Vários dias depois, tendo recuperado a compostura, o cardeal finalmente encontrou-se com Contreras e negou ter recebido qualquer dinheiro da CIA. Mas Contreras me disse que a negação de Obando não era convincente. A Newsweek redigiu então uma versão da história, fazendo parecer que não tínhamos certeza dos fatos sobre Obando e o dinheiro. Quando vi a releitura do artigo, fui ao escritório de Thomas e disse que se a Newsweek não confiasse em minhas reportagens, não deveríamos publicar a história de forma alguma. Ele disse que não era o caso; Acontece que os editores seniores se sentiam mais confortáveis ​​com uma história redigida de forma vaga.
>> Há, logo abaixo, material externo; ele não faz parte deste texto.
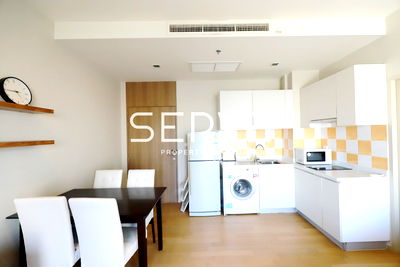 คอนโดให้เช่า : ให้เช่าคอนโด 1 นอน มีอ่างอาบน้ำ วิวไม่โดนบัง ห้องใหญ่แต่งครบ เฟอร์พร้อม ทำเลดีเดินทางง่ายใกล้ BTS ทองหล่อ พร้อมอยู่แล้ววันนี้ ที่โนเบิล โซโล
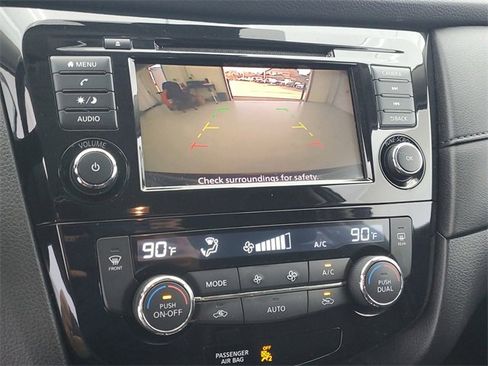 Used 2019 Nissan Rogue SV image 29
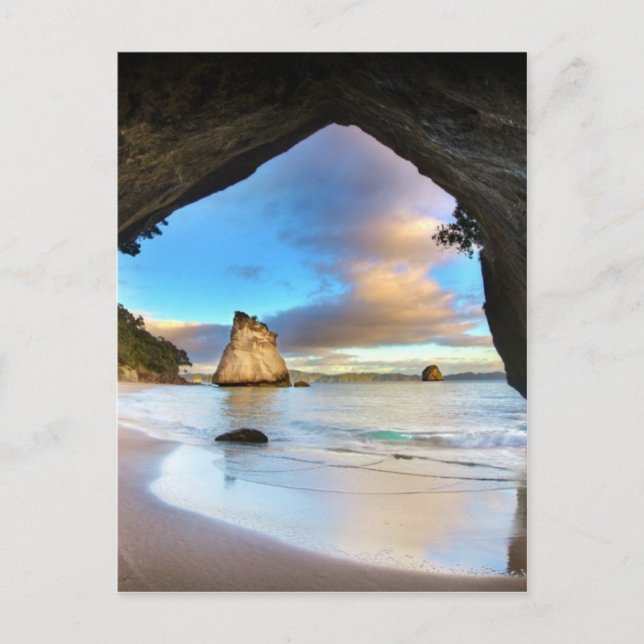 Carte Postale Beautiful Ocean Rock Arch Formation on Beach (Devant)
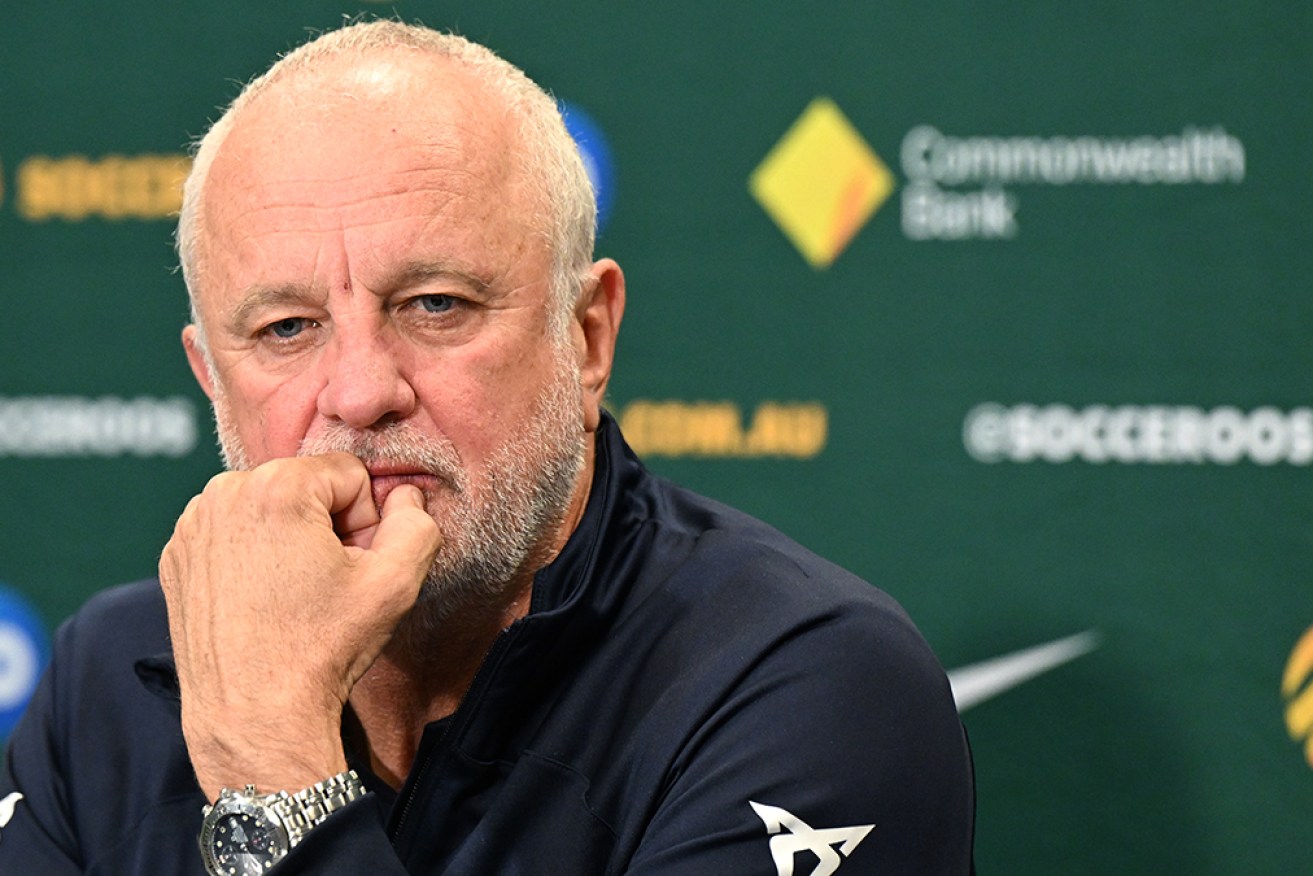 Graham Arnold has signed a new deal to remain as Socceroos coach until the 2026 World Cup.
De qualquer forma, acabamos em apuros com a administração Reagan e com grupos de ataque da mídia de direita. A Precisão na Mídia me criticou, em particular, por contar uma história tão delicada sem ter certeza dos fatos (o que, é claro, eu tinha). Thomas foi convocado ao Departamento de Estado, onde o secretário de Estado adjunto, Elliott Abrams, me criticou ainda mais, embora não negasse os factos da nossa história.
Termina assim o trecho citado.